**EXERCISE PROMPT**
After locating the line that holds "this 675×506 image.", copy that line and all that follow it word for word through the end of the data, with no pictures.
#####
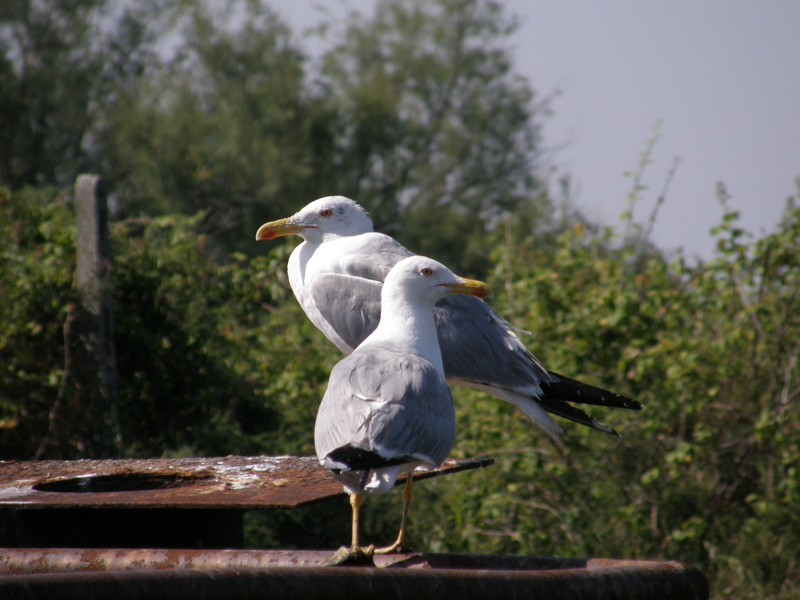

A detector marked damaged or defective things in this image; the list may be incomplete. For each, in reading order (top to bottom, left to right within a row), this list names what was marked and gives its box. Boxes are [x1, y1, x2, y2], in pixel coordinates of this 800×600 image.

rusty metal surface [0, 458, 494, 508]
rusty metal surface [0, 552, 708, 600]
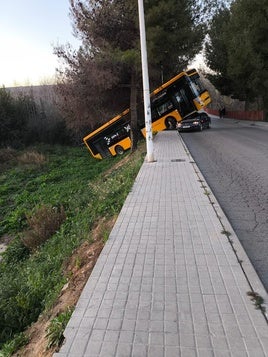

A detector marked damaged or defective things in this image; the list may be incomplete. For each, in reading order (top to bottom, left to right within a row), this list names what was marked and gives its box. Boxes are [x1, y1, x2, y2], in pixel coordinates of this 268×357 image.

crashed car [176, 112, 211, 131]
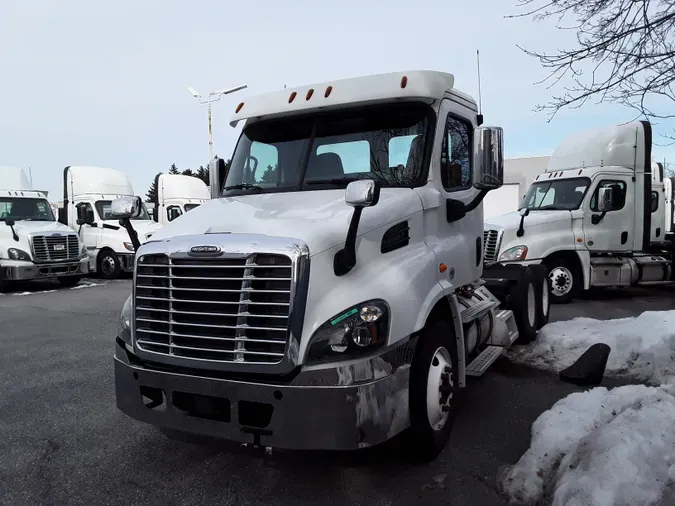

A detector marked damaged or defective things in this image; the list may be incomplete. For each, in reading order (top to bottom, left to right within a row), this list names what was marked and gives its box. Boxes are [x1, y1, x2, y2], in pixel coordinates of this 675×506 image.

cracked asphalt [3, 278, 675, 504]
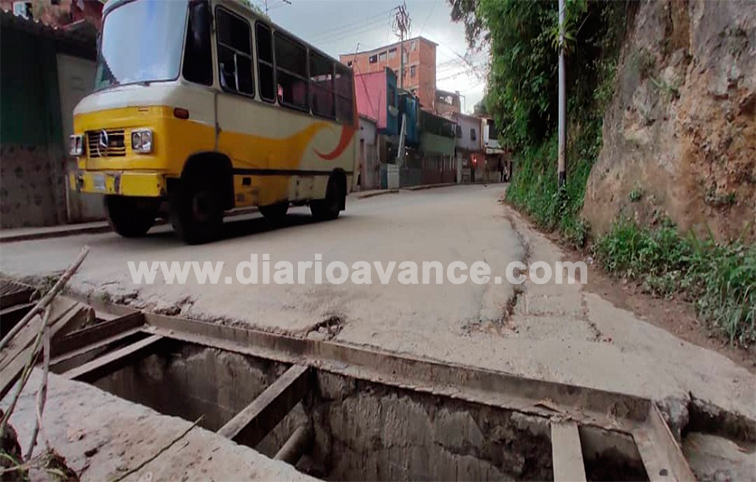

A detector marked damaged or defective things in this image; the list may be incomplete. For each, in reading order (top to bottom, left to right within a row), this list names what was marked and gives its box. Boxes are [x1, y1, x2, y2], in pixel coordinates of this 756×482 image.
#####
**SOLUTION TO THIS PROBLEM**
A detector marked damaged or defective things in this image; the list may be incomplete. For each, in reading order (top to bottom, left to right within a row), this list names what was marked and gives its box. Boxes are [x1, y1, x2, y2], in pixel coordinates of this 675×506 image.

cracked asphalt [3, 278, 675, 504]

A detector marked damaged or defective things in this image; the list may be incomplete. For each, in reading order (top to bottom, left to right within a row), this list names what was marked and gives its box. Boxes are [x1, y1, x2, y2], in pixel coordinates of this 756×482 image.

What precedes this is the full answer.